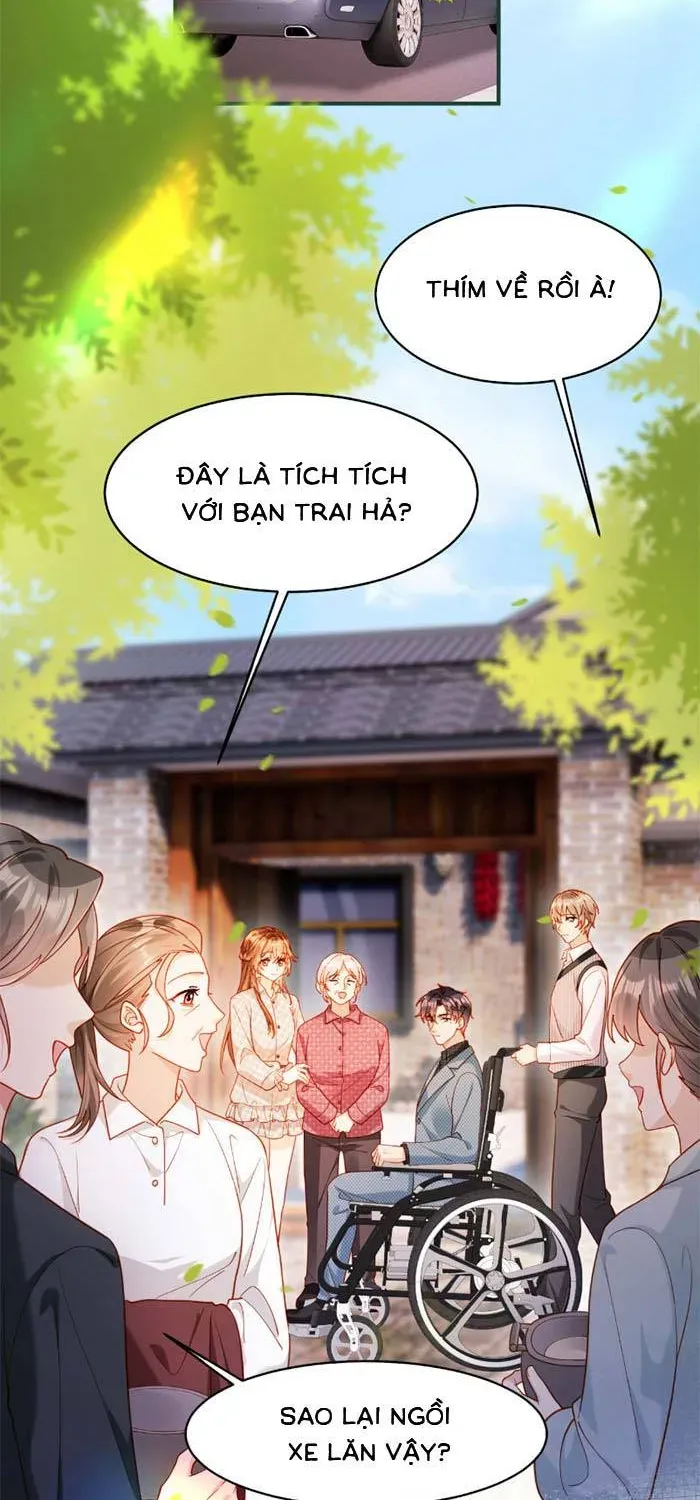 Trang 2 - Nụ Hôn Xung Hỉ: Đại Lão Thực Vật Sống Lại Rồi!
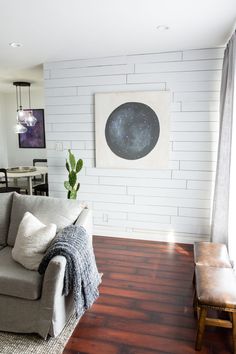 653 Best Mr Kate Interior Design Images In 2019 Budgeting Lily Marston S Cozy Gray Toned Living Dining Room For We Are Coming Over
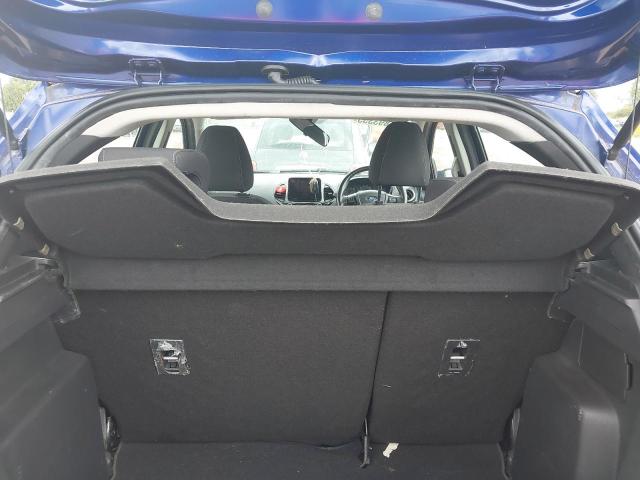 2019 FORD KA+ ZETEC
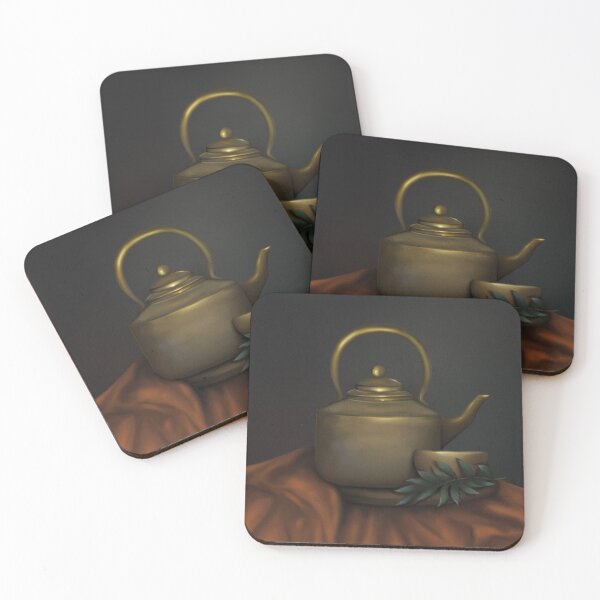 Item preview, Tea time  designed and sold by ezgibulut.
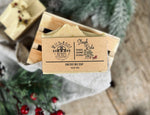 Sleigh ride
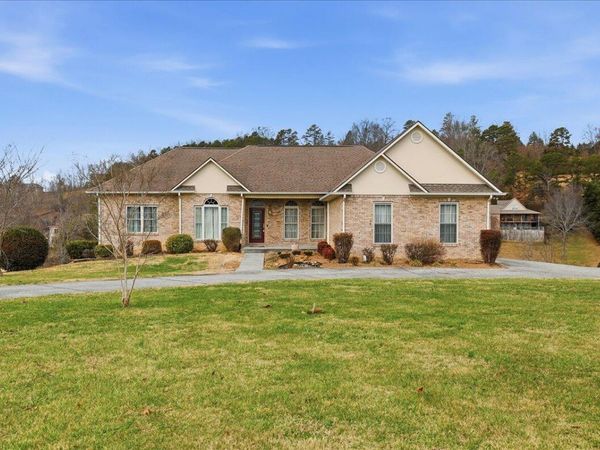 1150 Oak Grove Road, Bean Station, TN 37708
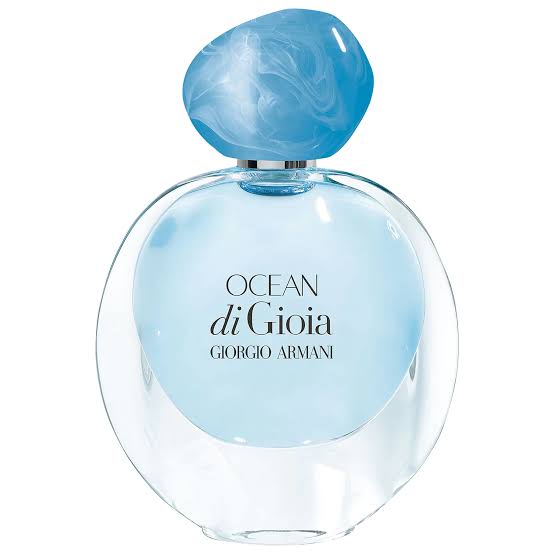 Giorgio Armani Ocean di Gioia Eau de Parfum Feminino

● **About this task**
Repeat the data word for word. Skip the pictures.

● **Answer**
 Trang 2 - Nụ Hôn Xung Hỉ: Đại Lão Thực Vật Sống Lại Rồi!
 653 Best Mr Kate Interior Design Images In 2019 Budgeting Lily Marston S Cozy Gray Toned Living Dining Room For We Are Coming Over
 2019 FORD KA+ ZETEC
 Item preview, Tea time  designed and sold by ezgibulut.
 Sleigh ride
 1150 Oak Grove Road, Bean Station, TN 37708
 Giorgio Armani Ocean di Gioia Eau de Parfum Feminino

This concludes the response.